Most simple doublet lens optics, a large choice of two apertures around f/11 and f/16, a unique shutter speed approaching 1/50th of a second, plus timed exposure capability. These mind-blowing specs are those of the Kodak Beau Brownie series. Let’s be honest, I won’t write about technical revolution today.
On the contrary, the Beau Brownies were as simple as any box camera when they were released in 1930.
They were, however, part of a list of cameras conceived starting around 1927 by the american designer Walter D. Teague. One can have an idea of his work by browsing Teague’s patents list in this field.
Walter Teague had a challenge to take up: turn a big bloated soap box into a luxurious and attractive item. And he did! He drew a most appealing Art Déco front face. Geometry and colors, lined with chrome on an enameled faceplate. The leatherette covers a wood, cardboard and metal made body, and takes a similar tone as the facade.

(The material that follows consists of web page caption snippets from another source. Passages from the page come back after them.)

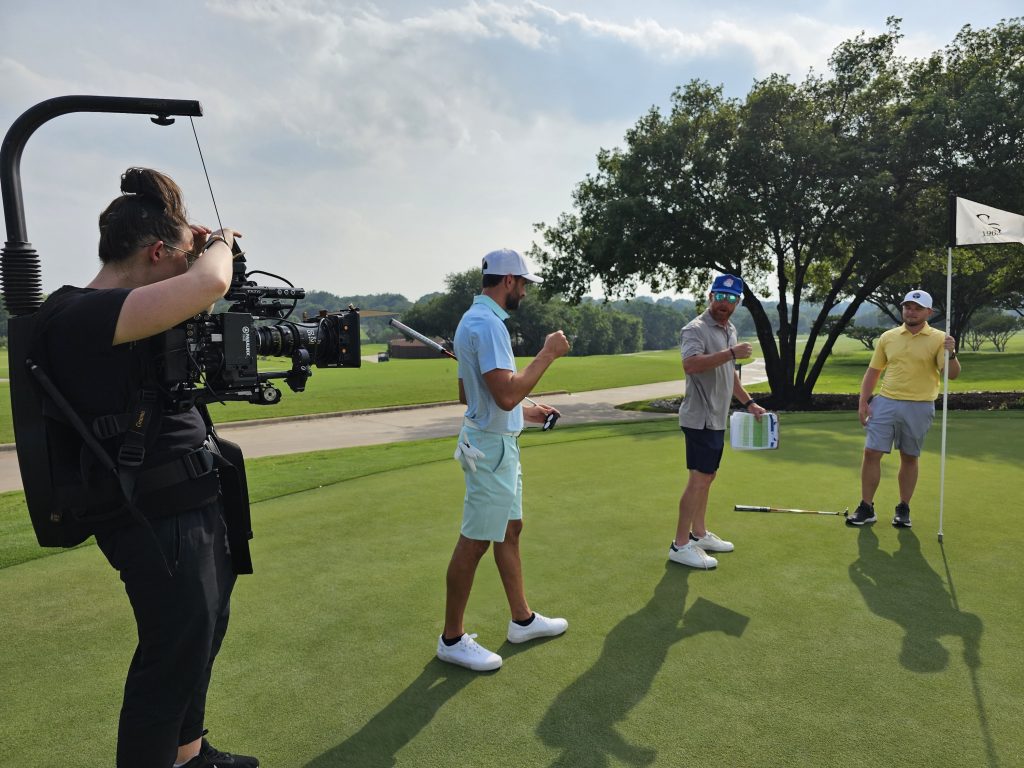 Woman with camera filming two golfers and a director on a golf course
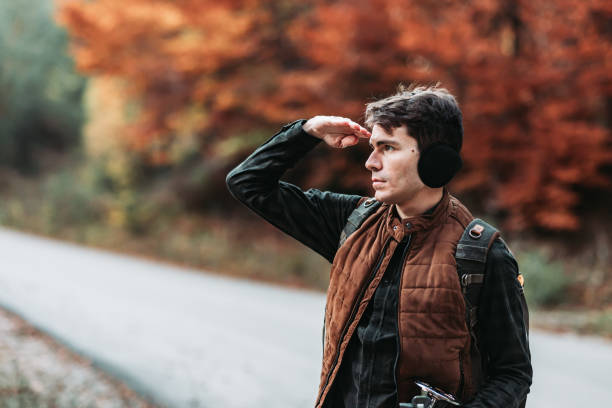 Young man hiker looking at something in the distance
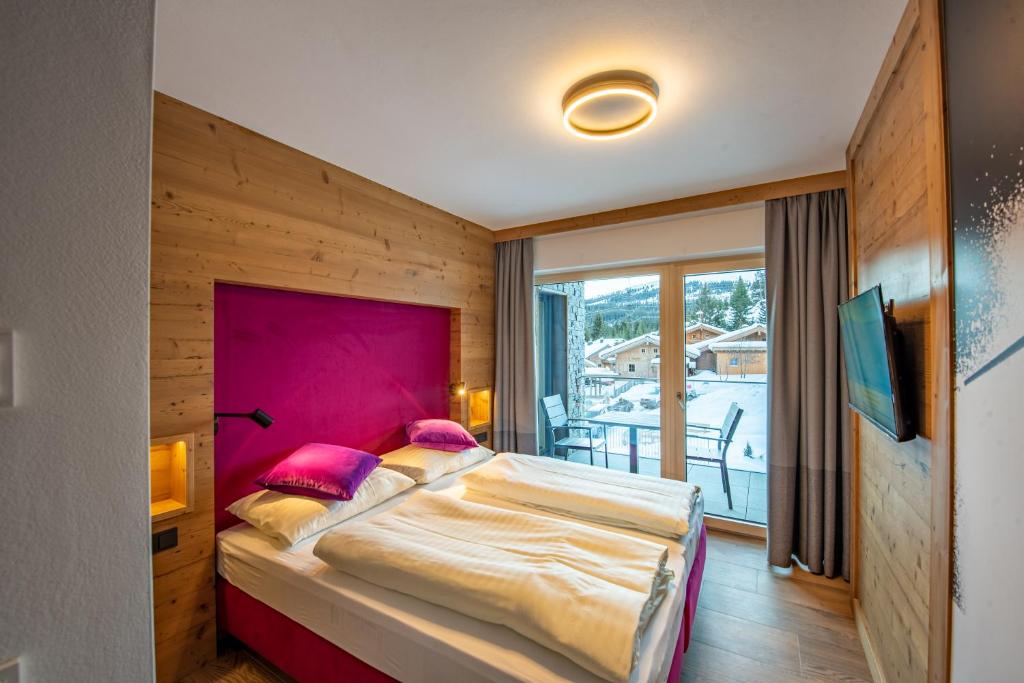 Postel nebo postele na pokoji v ubytování Chalet Königsleiten 148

The series consist in two models, N°2 & N°2A, corresponding to image formats 6x9cm and 6.5x11cm respectively. The two models thus differ by their size, N°2A being a bit taller.
But mainly, this camera wore magnificent colors, the most frequent association being black & burgundy.
Four other wonderful but more rare coats were blue turquoise, pastel pink, aqua or tanned brown.
I am the happy owner of a black & burgundy model in perfect shape, near mint, as well as a blue model showing more signs of wear. Here are some pictures.